Safe Harbor Agreement Challenged.The Safe Harbor Agreement was challenged by an Austrian Facebook user. The user complained that the transfer of his personal data by Facebook to the U.S. violated his fundamental rights. The user claimed that the U.S. did not ensure “adequate protection” of his information. As evidence of this the user pointed to the activities of the U.S. National Security Agency and the revelations of Edward Snowden. The Court agreed with the user, holding that the Safe Harbor Agreement in its current format is invalid because it violates the human rights of EU citizens whose personal data is transferred from the EU to the U.S. Unfortunately, the Court made the decision immediately effective. This means companies which rely on the Safe Harbor Agreement must immediately review the situation and their options.
Consequences. The first consequence of this case is that U.S. companies relying on the Safe Harbor to transfer data from the EU to the U.S. will have to rely on one of the other methods for transferring personal data to the U.S. Other options are available, but they will likely take some time to implement — they cannot be accomplished overnight. For a discussion of the various options, see Chapter 11 of EU Business Law (2015). To determine whether your company has certified under the Safe Harbor, click here.
We expect the U.S. and the EU to re-engage in negotiations to fine tune the existing Safe Harbor. Although the European Court of Justice declared it invalid, the problem was not with the concept, but rather the lack of procedural safeguards in the Safe Harbor. With some modifications, the Safe Harbor might adequately protect the fundamental rights of the EU citizens whose data is being transferred to the U.S.
We further expect that the discussions over a modified Safe Harbor will be linked to the umbrella agreement signed on September 8, 2015 between the EU and the U.S. giving EU citizens the right to sue in the U.S. for data privacy violations. As we indicated in our blog of September 17, 2015, the Snowden revelations led to high-level diplomatic discussions between the U.S. and the EU on establishing a data protection framework for EU-U.S. law enforcement cooperation. The agreement which was reached last month still needs to be approved by the U.S. Congress as well as the European Parliament and Council. We anticipate that the decision of the Court in Schrems v. Data Protection Commissioner will cause the U.S. and the EU to work out a package solution which recognizes the need to transfer data between the EU and the U.S. without significant compliance burdens. In the meantime, however, U.S. companies will have to consider alternative ways to transfer data from the EU to the U.S.

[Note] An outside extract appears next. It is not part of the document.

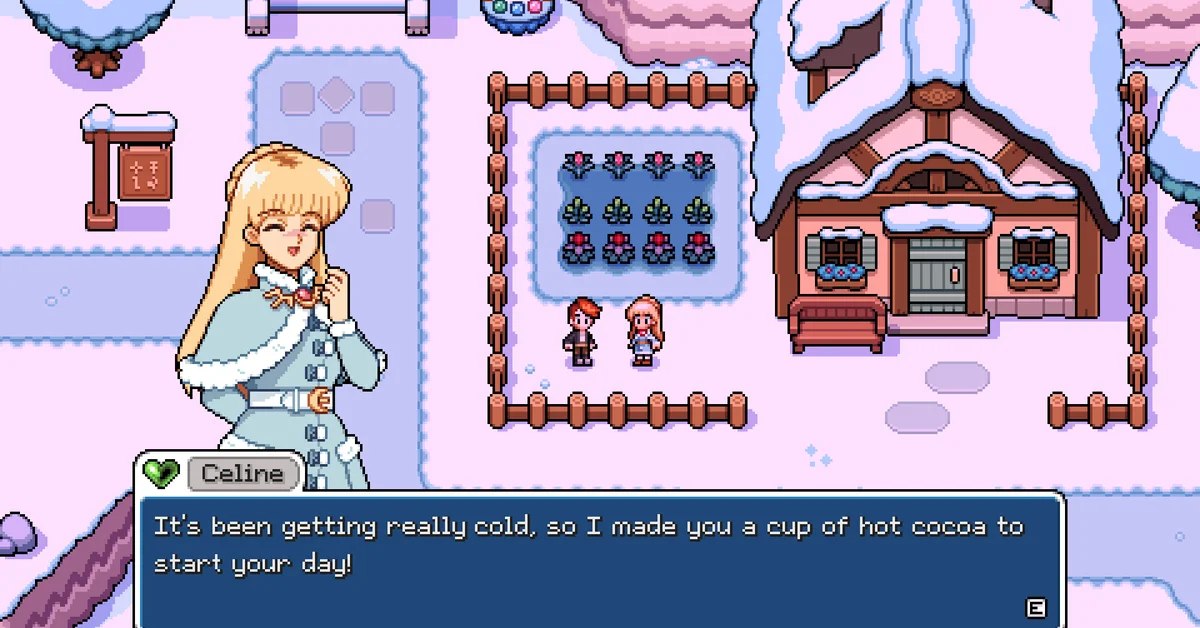 Celine in a fur-trimmed winter coat telling the player she made them hot cocoa, in a dialogue scene outside a snowy cottage in Fields of Mistria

The Court’s decision will also have implications in other areas. For example, the Securities and Exchange Commission (SEC) recently finalized new “pay ratio” rules which require U.S. public companies to disclose total CEO compensation, total compensation of the company’s median employee and the ratio of the two. Non-U.S. employees (for example, employees in the EU) generally must be included when determining the median employee compensation. So U.S. companies may experience some difficulty in transferring the needed data from the EU to the U.S. to comply with this new rule. However, some exceptions exist and they may be helpful here, if it is not legally possible to transfer the information.